Dataset section:
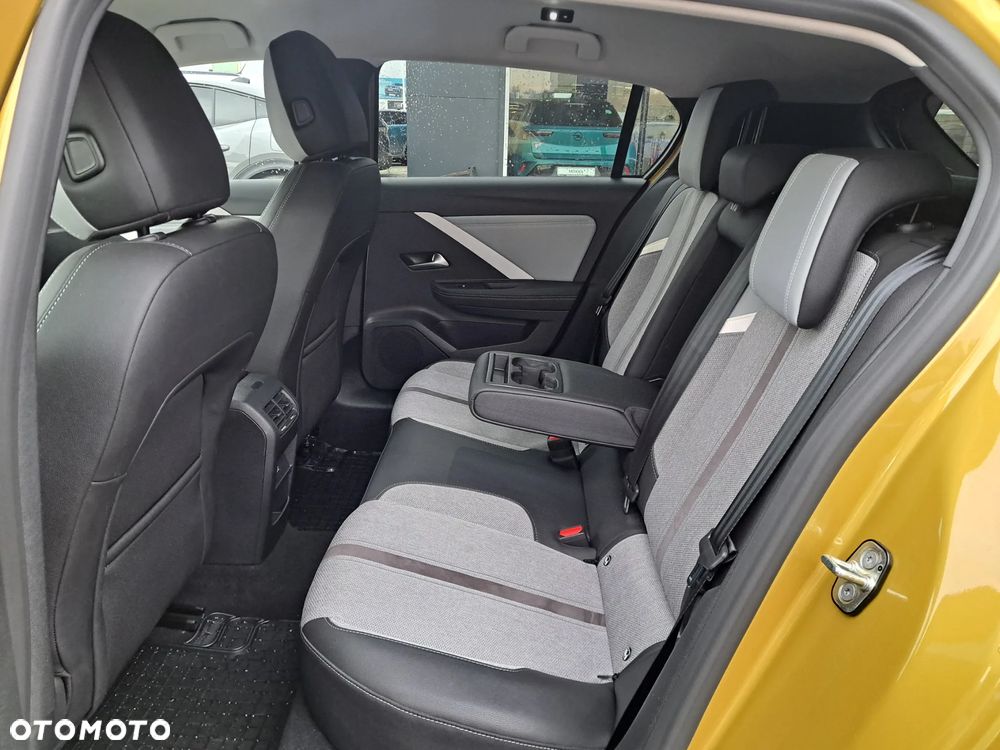 Opel Astra 1.2 T Elegance S&S - 14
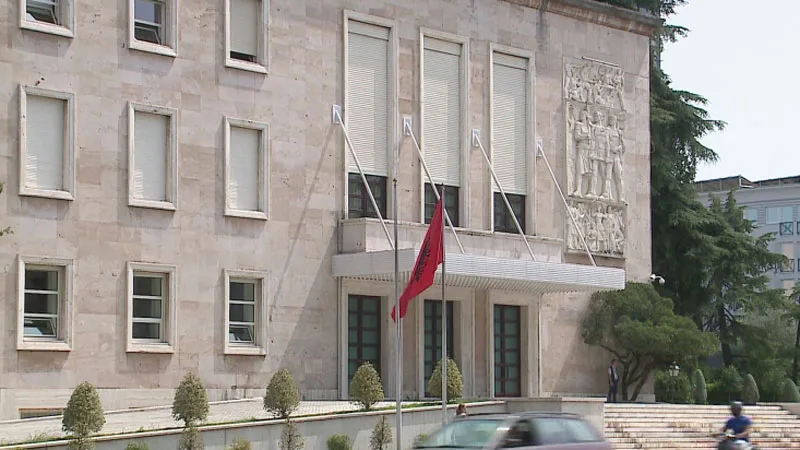 Qeveria e Shqipërisë miraton rritjen e pagave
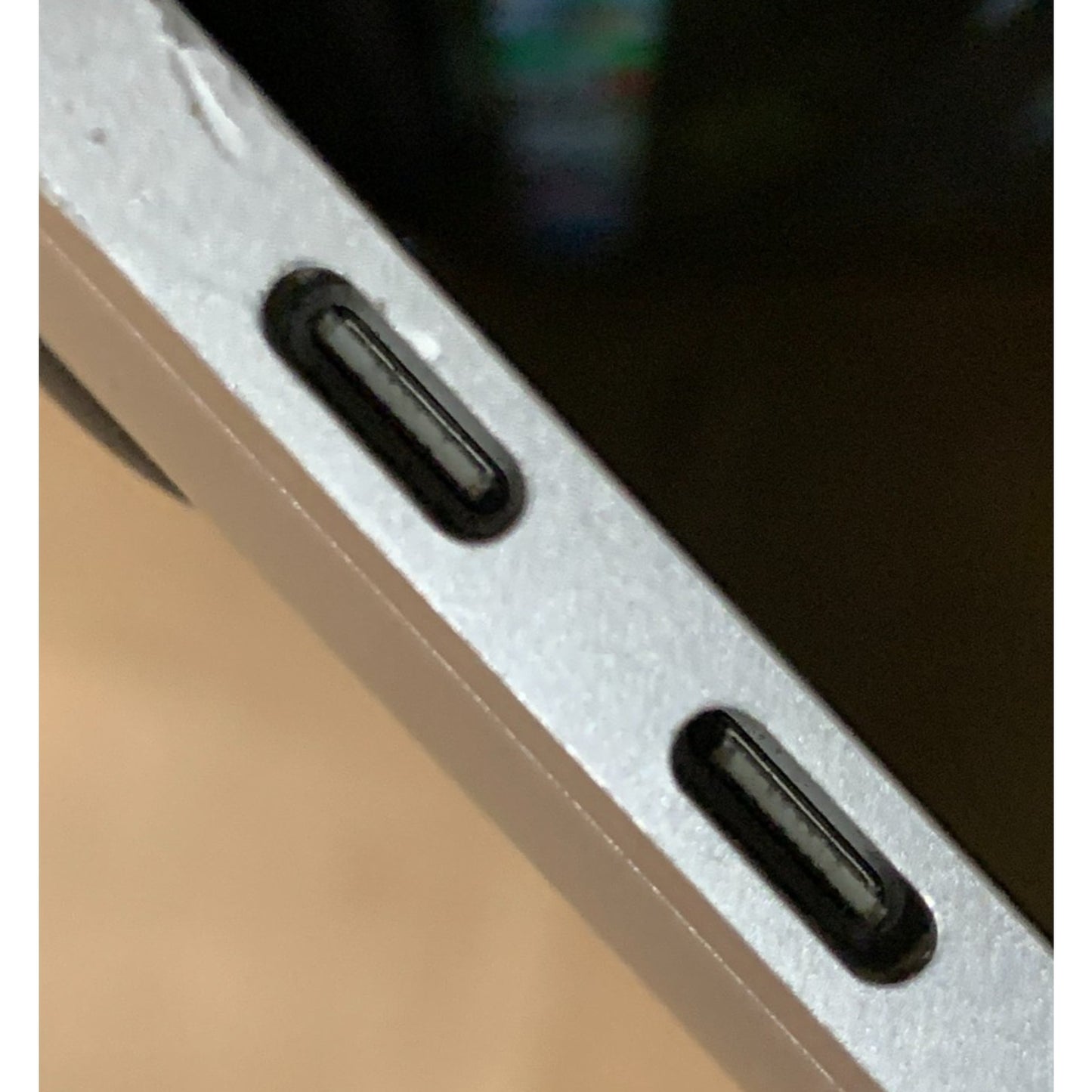 Apple MacBook Pro 13-inch 2020 2GHz Quad-Core Intel Core I5, 16GB RAM, 512GB SSD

Directions: Except for the pictures, the whole listing above should be transcribed exactly.

Solution:
 Opel Astra 1.2 T Elegance S&S - 14
 Qeveria e Shqipërisë miraton rritjen e pagave
 Apple MacBook Pro 13-inch 2020 2GHz Quad-Core Intel Core I5, 16GB RAM, 512GB SSD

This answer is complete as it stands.